Enjoy this simple and flavorful pasta dish using Delallo products!
- 1 pound Delallo Spaghetti No. 4
- 3 teaspoons kosher salt (for pasta water)
- 1/2 cup Delallo Extra Virgin Olive Oil
- 1 tin Delallo Anchovies (2oz tin in oil)**
- 6 cloves of garlic, thinly sliced
- 1 heaping teaspoon Delallo Calabrian Chili Peppers**
- 7oz container of Delallo Pitted Olives Jubilee, sliced
- 1 cup freshly grated parmesan cheese, more for topping
- 1–2 cups reserved pasta water
- chopped parsley, for garnish
- In a large pot, bring 5 quarts of water and 3 teaspoons kosher salt to a boil
- Once water boils, add in your Delallo Spaghetti No. 4 and allow to boil for 8 minutes for al dente. Prepare sauce while pasta cooks.
- Reserve 1-2 cups pasta water.
- In a wide bottomed, deep skillet or braiser heat your Delallo olive oil on medium-high heat. Add your anchovies (add the oil as well) and break up as you begin to heat. Allow to cook for about 5 minutes.
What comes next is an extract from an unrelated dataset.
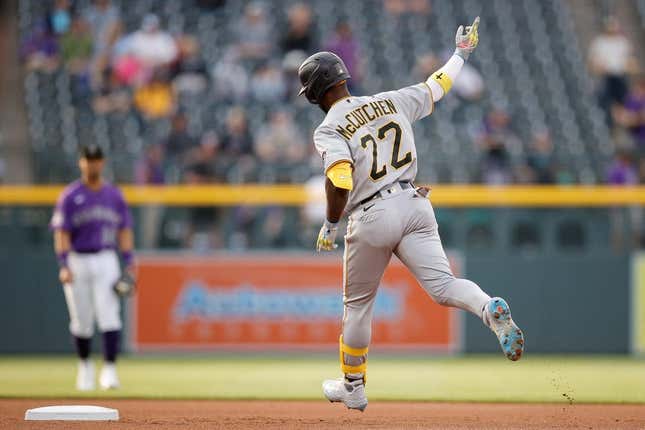 Apr 17, 2023; Denver, Colorado, USA; Pittsburgh Pirates designated hitter Andrew McCutchen (22) raises his hand as he rounds the bases on a solo home run in the first inning against the Colorado Rockies at Coors Field.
- Next, add your thinly sliced garlic slivers and turn your heat to low. Allow garlic to cook slow and low for another 4-5 minutes until just fragrant and begin to turn a golden brown.
- Add in your Delallo Calabrian Chili Peppers, 1 teaspoon or more for additional heat.
- Add your cooked pasta directly to the skillet with infused oil and toss to coat. Begin with 1 cup of reserved pasta water, mix and add more if needed to coat pasta.
- Next, add your sliced Delallo Pitted Olives Jubilee and 1 cup freshly grated parmesan cheese.
- Continue to toss to mix in cheese and olives until combined.
- Plate pasta and top with additional parmesan and fresh chopped parsley.
**If you are looking to create a vegetarian dish and omit the anchovies, you may substitute 2 teaspoons of miso paste or 4 teaspoons of olive tapenade (check out this one from Delallo). Replace at the same time you would add in the anchovies.
**1 heaping teaspoon of Delallo Calabrian Chili Peppers was enough to get good flavor but not to spicy to deter kid palettes. You can always add more or less to adjust to your taste.